(Reuters) – Revvity Inc cut its full-year sales and revenue forecasts after missing Wall Street estimates for third-quarter results, hurt by weak demand for its supplies to life science researchers and diagnostic solutions.
A rise in interest rates has squeezed funding for drug developments by biotech companies running low on cash, weighing on demand for contract research services and lab equipment offered by Revvity.
Shares of the Waltham, Massachusetts-based company fell 8% before the bell.
The company now expects its annual revenue to be between $2.72 billion and $2.74 billion, compared with its prior forecast of $2.80 billion to $2.85 billion. It also fell short of analysts’ average estimate of $2.83 billion, according to LSEG estimates.

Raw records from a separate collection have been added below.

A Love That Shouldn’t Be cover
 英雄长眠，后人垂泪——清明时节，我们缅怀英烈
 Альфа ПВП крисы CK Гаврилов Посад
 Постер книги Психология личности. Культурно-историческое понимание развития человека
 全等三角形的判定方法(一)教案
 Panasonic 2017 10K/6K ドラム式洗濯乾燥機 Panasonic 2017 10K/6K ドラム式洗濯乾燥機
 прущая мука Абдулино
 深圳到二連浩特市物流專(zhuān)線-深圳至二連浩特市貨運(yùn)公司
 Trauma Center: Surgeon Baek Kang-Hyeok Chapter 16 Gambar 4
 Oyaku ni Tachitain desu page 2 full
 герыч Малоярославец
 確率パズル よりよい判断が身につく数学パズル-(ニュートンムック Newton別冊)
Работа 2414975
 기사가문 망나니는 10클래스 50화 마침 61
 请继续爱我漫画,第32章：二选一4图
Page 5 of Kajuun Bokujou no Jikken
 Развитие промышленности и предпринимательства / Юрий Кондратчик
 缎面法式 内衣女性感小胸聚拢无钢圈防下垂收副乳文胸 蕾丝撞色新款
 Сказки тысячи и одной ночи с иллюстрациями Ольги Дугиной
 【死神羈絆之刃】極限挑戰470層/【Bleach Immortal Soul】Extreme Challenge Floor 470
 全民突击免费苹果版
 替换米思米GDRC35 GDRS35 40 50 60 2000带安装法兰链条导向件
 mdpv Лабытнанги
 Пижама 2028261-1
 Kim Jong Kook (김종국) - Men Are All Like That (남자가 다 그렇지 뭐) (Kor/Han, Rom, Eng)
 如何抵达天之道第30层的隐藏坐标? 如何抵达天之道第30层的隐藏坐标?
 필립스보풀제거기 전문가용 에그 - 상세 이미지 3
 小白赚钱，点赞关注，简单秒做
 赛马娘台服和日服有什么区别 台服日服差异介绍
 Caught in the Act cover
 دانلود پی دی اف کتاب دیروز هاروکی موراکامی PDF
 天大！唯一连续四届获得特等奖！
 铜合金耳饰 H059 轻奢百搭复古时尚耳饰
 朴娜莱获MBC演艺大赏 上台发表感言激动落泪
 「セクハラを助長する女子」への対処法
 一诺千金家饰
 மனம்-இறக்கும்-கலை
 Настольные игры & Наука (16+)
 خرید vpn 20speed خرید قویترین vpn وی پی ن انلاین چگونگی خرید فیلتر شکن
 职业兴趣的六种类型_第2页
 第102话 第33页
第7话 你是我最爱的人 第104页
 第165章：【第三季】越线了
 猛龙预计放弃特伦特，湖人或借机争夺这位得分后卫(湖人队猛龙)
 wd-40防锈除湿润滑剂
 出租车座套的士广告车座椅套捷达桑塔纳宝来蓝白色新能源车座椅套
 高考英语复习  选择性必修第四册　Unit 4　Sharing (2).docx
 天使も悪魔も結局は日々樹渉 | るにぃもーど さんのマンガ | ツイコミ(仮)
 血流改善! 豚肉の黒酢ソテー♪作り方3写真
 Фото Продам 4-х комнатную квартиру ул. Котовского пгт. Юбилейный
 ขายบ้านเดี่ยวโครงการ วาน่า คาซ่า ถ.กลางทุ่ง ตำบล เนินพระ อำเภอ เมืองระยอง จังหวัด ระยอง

Revvity also lowered its forecast for annual adjusted profit to the range of $4.53 per share to $4.57 per share from $4.70 per share to $4.90 per share it previously expected.
Analysts were expecting an adjusted profit of $4.79 per share for the year.
The company’s third-quarter revenue came in at $670.74 million, missing analysts’ estimates of $695.33 million.
Its life sciences unit, which provides medical technologies and lab equipment used in the discovery of new drugs, posted sales of $308 million, down 1.6% from a year earlier.
Revenue from its diagnostics segment, which provides testing tools such as for genetic screening, fell 9% to $363 million, compared with last year.
On an adjusted basis, the company made a profit of $1.18 per share, falling short of analysts’ estimates of $1.19 per share.
Formerly known as PerkinElmer, the company last year divested three of its businesses to focus on life sciences’ and diagnostics’ units under its new name Revvity.